February was not a big reading month, but I still managed three books, which is acceptable to me with everything else going on. My lunch hour reading at work was nearly non-existent, due to unexpected events that meant I usually was lucky to have time to eat, and then as previously mentioned, I was so tired all of the time, I couldn't stay up very late in the evening. But since I am not in a race, or reading for a grade at the end of a semester, I'm not gonna worry about it!
The House at Riverton, by Kate Morton. This book was interesting. It takes place beginning in 1914, when a 14-year old Grace is sent by her mother to begin a life of service at Riverton, a manor house where her mother once worked. She becomes part of the household, and is mesmerized by the children of the house, particularly the daughters, Hannah and Emmeline.
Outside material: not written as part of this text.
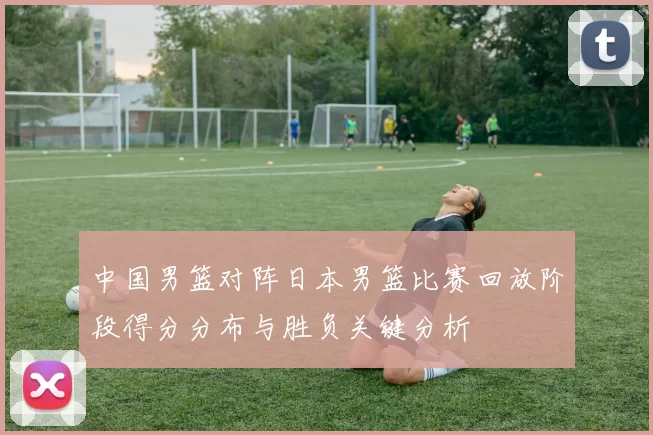 中国男篮对阵日本男篮比赛回放阶段得分分布与胜负关键分析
The narrator, Grace, is telling the story as an old woman in a nursing home, making tapes for her grandson to listen to. She is contacted by a young woman who is producing a movie based on an event that happened at Riverton in the 1920s, when the poet Robbie Hunter shot himself in front of Hannah and Emmeline. Grace was there, and the young producer has tracked her down to ask her about things for the movie.
As the story progresses, a lot of things start pointing to the end, aka the story the movie is telling. But Grace wants to tell it her way. And she knows what really happened and why. Which does make for an interesting read. I don't want to give away any spoilers, but I can say that some of the "secrets" seemed obvious as I was reading, and others I could only suspect.
My biggest wish is that we would have had the chance to learn more about Grace once she left her life of service. She apparently got her doctorate and had a career as an archaeologist, but those things are mentioned only in passing. So we have her life from teenager to young woman in great detail, with a few details about her as an older woman, but nothing in between. Still, I thought this book was especially good at evoking time, place, and the restrictions faced by people of every social class in England during this time period.
This was also one of the books on my reading list for the TBR Pile Challenge.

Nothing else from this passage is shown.